Saturday, August 11, 2007

A Look At the Largest S&P Sectors

According to S&P the largest market areas in order are: financials, technology, healthcare, industrials, and energy. These comprise about 65% of the average. Here are the charts in order of size.


This sector is technically in terrible shape. They broke a two and a half year uptrend in late June/early July. They have been droppinig on heavy volume ever since. The average is below the 20 and 50 day Simple Moving Average (SMA). They have another point to go before hitting the 200 day SMA (roughly 3%). In addition to the technical problems, this sector has some serious fundamental problems. In other words, this sector isn't going to recover anytime soon.
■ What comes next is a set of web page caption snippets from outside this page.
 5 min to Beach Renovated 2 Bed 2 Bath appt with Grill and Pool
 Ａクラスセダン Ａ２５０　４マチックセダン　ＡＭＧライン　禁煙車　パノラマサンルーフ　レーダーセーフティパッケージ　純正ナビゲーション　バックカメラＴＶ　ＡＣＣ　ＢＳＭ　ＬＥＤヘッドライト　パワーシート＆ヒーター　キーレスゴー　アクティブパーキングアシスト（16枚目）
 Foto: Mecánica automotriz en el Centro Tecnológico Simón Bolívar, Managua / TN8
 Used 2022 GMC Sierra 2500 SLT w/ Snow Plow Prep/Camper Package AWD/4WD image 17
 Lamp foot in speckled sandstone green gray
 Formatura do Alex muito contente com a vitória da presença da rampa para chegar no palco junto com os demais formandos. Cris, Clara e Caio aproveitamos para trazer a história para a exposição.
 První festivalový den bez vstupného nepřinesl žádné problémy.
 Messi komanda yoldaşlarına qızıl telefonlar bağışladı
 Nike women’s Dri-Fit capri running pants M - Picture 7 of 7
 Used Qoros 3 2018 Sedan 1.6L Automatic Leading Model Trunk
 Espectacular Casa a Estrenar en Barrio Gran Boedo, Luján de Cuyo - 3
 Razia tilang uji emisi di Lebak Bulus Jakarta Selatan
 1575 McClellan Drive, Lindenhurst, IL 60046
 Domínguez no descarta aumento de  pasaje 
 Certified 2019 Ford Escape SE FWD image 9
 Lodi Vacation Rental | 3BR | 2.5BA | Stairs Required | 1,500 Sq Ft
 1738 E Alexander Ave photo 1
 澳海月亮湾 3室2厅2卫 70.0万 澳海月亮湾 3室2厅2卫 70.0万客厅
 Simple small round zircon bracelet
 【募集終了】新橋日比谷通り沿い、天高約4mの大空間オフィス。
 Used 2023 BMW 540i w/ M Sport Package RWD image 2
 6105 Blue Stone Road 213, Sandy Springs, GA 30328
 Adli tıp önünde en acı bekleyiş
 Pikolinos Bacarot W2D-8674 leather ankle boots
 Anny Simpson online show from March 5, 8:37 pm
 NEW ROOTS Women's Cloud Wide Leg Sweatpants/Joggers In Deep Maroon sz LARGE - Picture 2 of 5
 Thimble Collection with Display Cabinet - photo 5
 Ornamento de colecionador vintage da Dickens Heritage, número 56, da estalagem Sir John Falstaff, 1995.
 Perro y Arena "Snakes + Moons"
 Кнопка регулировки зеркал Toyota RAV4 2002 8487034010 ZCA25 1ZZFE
This is one of the favorite market areas of the blog Between the Hedges. This market is currently at the trendline of a year long rally. The average is also at the 20 day SMA, adding further support. Despite the volatility in the market, this sector has held up pretty well -- it dropped hard three weeks ago, but the drop has lessened over the last two weeks. All three moving averages are still moving up. Despite the heavy volume, the average is still holding to the trend line. The average has support right around 24.

Health Care

Health care is in a mini-rally that started late last year. The average took a big hit earlier this month but is now hugging the trend line. All three moving averages are still trending up, although the average is below the 20 and 50 SMA which will pull the SMAs down a bit. The sector has support at $33 and a little below.


Industrials are the beneficiaries of global infrastructure investment and a weak US dollar. We have two upward slanting trend lines: one that started in late 2005 and a steeper one that started in mid-2006. All three moving averages are still moving up and prices are trading right at the 20 day SMA. Despite heavy volume on the sell-off of the last three weeks, prices are still at the trend line. The average has support at the 20 day SMA and right around the $37 level.


Energy had a mini-rally that started in March 2007. It has broken the trend but is now at the 20 day SMA. The sell-off over the last three weeks has occurred on heavy volume, but the average is still right at the 20 SMA. While there is about 3%-5% downside, there is a ton of support in the $57 to $62 area.